Logo Questions Linux Laravel Mysql Ubuntu Git Menu
 

Hash a Range of Values

I know that I can hash singular values as keys in a dict. For example, I can hash 5 as one of the keys in a dict.

I am currently facing a problem that requires me to hash a range of values.

Basically, I need a faster way to to do this:

if 0 <= x <= 0.1:
    # f(A)
elif 0.1 <= x <= 0.2:
    # f(B)
elif 0.2 <= x <= 0.3:
    # f(C)
elif 0.3 <= x <= 0.4:
    # f(D)
elif 0.4 <= x <= 0.5:
    # f(E)
elif 0.5 <= x <= 0.6:
    # f(F)

where x is some float parameter of arbitrary precision.

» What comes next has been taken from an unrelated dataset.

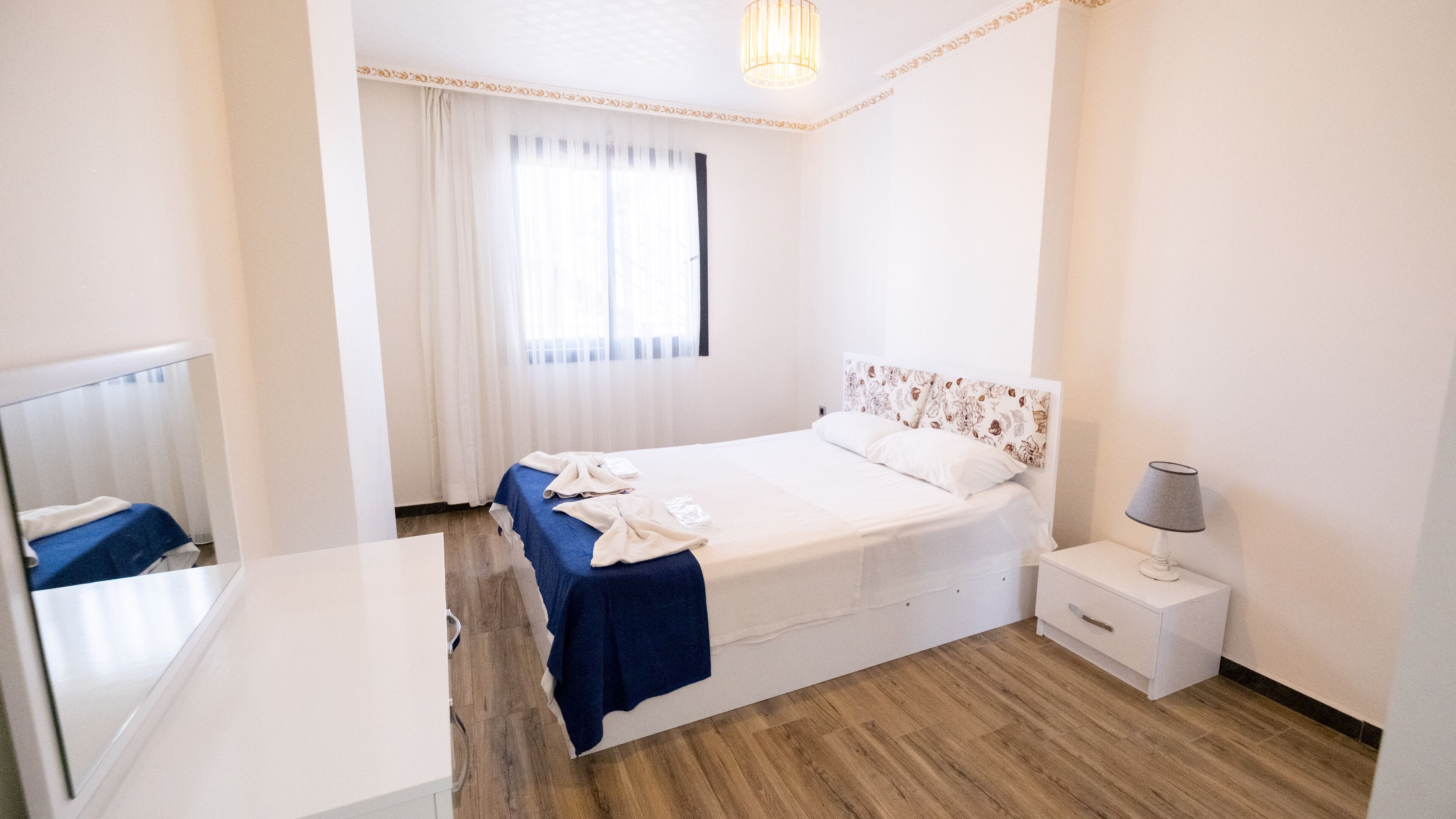 Habitación de hotel con cama, mesita de noche con lámpara, espejo y ventana con cortinas.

The fastest way I can think of is hashing, but here's the problem: I can use (0.1, 0.2) as a key, but that still is going to cost me O(n) runtime and is ultimately no better than the slew of elifs (I would have to iterate over the keys and check to see if key[0] <= x <= key[1]).

Is there a way to hash a range of values so that I can check the hash table for0.15 and still get #execute B?

If such a hashing isn't possible, how else might I be able to improve the runtime of this? I am working with large enough data sets that linear runtime is not fast enough.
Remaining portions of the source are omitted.